[Saved data entries]

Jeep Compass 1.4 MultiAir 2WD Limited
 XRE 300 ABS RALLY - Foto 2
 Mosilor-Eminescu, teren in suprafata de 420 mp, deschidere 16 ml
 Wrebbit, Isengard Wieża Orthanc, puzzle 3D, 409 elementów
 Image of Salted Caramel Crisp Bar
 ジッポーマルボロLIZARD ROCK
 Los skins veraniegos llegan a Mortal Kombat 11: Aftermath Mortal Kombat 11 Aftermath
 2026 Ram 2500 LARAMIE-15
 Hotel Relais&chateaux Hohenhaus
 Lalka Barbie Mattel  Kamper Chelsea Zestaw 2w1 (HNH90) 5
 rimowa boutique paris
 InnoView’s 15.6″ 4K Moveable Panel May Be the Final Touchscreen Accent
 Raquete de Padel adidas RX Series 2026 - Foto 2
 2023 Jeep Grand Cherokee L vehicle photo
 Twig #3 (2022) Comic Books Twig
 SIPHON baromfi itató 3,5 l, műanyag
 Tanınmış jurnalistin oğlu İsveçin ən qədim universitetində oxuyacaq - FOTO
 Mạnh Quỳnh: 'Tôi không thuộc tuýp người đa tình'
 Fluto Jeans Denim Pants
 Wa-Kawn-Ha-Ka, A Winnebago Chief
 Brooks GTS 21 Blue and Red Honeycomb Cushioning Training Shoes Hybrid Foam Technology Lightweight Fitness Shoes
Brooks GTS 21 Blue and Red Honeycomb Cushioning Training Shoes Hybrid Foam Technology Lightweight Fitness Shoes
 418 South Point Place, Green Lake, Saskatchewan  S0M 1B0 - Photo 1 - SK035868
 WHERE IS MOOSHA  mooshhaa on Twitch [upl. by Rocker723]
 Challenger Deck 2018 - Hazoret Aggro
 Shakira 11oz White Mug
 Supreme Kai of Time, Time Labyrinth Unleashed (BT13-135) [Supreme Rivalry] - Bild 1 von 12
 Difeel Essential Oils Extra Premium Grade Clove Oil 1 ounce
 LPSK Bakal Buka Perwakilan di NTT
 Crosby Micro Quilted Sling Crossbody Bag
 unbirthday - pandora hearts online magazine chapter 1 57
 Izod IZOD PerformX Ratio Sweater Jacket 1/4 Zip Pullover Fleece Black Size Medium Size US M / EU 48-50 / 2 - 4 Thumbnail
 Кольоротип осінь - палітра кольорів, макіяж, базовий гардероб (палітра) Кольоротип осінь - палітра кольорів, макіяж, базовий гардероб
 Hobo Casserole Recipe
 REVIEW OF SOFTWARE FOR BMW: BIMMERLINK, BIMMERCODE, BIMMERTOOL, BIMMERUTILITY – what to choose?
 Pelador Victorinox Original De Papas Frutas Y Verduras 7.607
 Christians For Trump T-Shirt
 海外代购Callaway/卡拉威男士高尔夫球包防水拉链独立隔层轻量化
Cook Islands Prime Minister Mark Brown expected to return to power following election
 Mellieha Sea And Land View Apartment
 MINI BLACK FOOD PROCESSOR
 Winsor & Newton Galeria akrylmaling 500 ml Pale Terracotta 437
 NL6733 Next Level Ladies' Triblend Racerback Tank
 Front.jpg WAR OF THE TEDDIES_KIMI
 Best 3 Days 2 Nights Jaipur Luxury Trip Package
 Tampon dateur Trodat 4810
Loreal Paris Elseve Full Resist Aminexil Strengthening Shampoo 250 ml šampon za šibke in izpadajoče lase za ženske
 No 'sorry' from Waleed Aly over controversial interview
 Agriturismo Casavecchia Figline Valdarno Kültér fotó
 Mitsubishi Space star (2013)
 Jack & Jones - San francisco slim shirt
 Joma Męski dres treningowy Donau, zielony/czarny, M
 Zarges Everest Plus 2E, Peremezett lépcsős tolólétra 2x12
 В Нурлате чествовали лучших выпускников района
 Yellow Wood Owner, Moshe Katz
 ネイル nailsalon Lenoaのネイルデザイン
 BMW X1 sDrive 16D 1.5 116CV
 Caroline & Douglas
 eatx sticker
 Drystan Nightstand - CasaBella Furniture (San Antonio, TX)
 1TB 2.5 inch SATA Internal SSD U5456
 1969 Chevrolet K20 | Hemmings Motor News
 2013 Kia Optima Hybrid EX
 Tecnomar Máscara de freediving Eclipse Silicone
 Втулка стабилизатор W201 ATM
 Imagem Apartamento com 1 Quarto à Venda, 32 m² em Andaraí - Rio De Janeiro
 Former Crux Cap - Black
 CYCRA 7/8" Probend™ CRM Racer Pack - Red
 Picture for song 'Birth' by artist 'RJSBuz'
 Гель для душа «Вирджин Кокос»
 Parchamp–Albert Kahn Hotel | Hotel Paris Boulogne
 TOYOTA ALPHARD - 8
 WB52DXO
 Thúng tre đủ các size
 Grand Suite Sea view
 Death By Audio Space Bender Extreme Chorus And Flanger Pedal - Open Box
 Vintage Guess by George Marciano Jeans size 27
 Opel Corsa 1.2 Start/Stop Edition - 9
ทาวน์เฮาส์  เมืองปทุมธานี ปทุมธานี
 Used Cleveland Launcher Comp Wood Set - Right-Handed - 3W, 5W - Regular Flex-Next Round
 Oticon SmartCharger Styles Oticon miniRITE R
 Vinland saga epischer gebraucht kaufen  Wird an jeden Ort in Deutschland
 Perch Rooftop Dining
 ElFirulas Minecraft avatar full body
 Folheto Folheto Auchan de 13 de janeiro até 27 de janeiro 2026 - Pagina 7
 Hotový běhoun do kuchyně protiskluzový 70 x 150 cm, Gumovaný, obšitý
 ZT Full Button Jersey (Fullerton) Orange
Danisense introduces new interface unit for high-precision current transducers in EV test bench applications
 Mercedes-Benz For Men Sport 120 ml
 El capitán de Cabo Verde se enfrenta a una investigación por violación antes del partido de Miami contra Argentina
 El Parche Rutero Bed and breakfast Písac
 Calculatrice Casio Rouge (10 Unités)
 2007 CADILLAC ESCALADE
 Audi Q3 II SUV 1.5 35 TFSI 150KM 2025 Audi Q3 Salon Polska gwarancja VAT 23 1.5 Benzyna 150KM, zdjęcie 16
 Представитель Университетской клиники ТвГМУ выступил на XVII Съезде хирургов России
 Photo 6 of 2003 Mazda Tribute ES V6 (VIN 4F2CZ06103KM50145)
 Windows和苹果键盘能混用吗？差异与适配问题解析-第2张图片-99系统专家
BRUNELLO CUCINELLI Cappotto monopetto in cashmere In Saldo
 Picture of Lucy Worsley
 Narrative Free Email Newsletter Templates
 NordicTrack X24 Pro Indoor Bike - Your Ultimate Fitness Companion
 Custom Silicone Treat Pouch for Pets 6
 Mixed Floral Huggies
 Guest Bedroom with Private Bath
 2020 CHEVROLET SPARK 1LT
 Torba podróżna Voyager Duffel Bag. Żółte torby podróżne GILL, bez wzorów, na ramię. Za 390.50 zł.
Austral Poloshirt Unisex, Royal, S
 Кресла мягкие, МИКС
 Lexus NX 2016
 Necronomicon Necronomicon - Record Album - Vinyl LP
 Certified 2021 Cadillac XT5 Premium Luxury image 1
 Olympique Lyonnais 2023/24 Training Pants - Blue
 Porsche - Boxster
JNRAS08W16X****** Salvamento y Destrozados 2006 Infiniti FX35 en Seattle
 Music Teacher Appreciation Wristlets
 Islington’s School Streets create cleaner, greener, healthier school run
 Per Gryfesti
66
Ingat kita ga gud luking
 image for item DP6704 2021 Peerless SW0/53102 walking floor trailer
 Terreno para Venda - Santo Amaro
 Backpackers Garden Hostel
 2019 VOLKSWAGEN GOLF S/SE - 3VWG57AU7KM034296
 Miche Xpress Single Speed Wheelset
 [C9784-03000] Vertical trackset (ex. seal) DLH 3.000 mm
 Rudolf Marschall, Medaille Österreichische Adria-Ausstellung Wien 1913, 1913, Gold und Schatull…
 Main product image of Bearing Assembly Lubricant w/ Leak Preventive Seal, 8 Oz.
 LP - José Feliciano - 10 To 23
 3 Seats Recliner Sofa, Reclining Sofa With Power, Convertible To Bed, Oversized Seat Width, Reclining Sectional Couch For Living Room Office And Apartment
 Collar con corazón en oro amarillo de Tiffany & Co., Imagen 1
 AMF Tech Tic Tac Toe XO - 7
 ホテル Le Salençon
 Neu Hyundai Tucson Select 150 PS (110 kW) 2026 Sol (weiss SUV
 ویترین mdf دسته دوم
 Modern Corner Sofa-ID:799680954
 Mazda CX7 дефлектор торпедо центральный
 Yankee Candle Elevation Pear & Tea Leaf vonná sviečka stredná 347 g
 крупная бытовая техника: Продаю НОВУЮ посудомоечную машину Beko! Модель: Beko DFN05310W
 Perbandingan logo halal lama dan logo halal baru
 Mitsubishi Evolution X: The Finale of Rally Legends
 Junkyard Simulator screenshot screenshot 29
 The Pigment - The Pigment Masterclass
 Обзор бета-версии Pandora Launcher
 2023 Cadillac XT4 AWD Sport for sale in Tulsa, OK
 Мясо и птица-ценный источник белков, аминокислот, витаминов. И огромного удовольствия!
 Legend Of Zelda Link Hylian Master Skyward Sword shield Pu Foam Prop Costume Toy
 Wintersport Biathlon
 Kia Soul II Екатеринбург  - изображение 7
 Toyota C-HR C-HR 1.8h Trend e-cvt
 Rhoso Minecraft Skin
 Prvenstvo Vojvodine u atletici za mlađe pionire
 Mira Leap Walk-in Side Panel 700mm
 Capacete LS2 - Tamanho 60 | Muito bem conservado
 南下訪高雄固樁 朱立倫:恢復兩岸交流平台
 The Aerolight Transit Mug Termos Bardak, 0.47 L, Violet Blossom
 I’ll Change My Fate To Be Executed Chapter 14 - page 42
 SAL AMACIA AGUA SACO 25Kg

» **ABOUT THIS TASK**: Count the lines in these records that hold the string "Jeep". Only the number is wanted.

» **ANSWER BOX**: 2